14. An amylin analog and a GIPR / GLP-1R dual agonist for use according to any one of claims 1 to 3 or 5 to 13, wherein the GIPR / GLP-1R dual agonist is administered to the subject once weekly, or the method according to any one of claims 4 to 13.

15. An amylin analog and GIPR / GLP-1R dual agonist for use according to any one of claims 1 to 3 or 5 to 14, wherein an amylin analog or a pharmaceutically acceptable salt or solvate thereof is formulated as an amylin analog pharmaceutical composition, or the method according to any one of claims 4 to 14.
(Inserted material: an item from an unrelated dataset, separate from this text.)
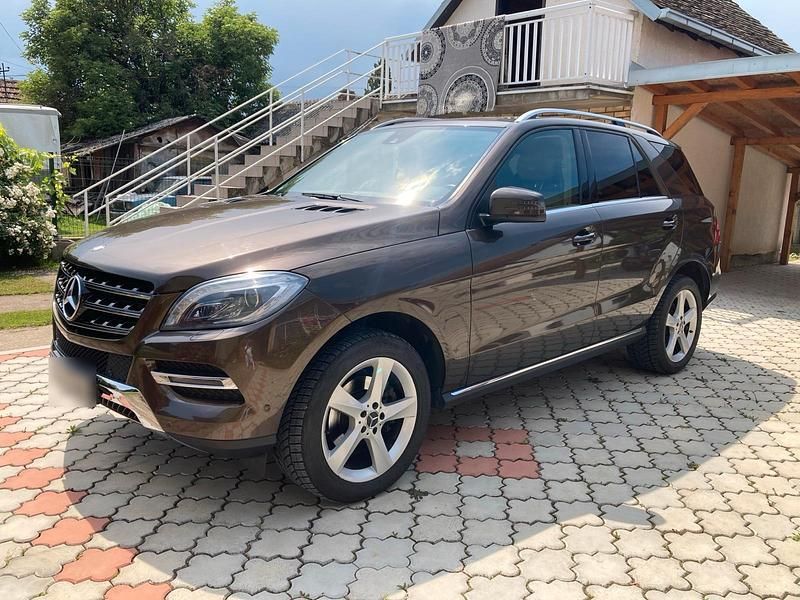 Gebraucht Mercedes ML350 258 PS (189 kW) 2014 Braun SUV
16. Amylin analog and GIPR / GLP-1R dual agonist for use according to any one of claims 1 to 3 or 5 to 15, wherein a GIPR / GLP-1R dual agonist or a pharmaceutically acceptable salt or solvate thereof is formulated as a GIPR / GLP-1R dual agonist pharmaceutical composition, or the method according to any one of claims 4 to 15.

17. Amylin analog and GIPR / GLP-1R dual agonist for use according to any one of claims 1 to 3 or 5 to 16, wherein the amylin analog and GIPR / GLP-1R dual agonist are administered to a subject by injection, preferably by subcutaneous injection, or the method according to any one of claims 4 to 16.

18. A kit comprising an amylin analog and a GIPR / GLP-1R dual agonist, wherein the amylin analog and / or the GIPR / GLP-1R dual agonist is as described in any one of claims 1 to 17.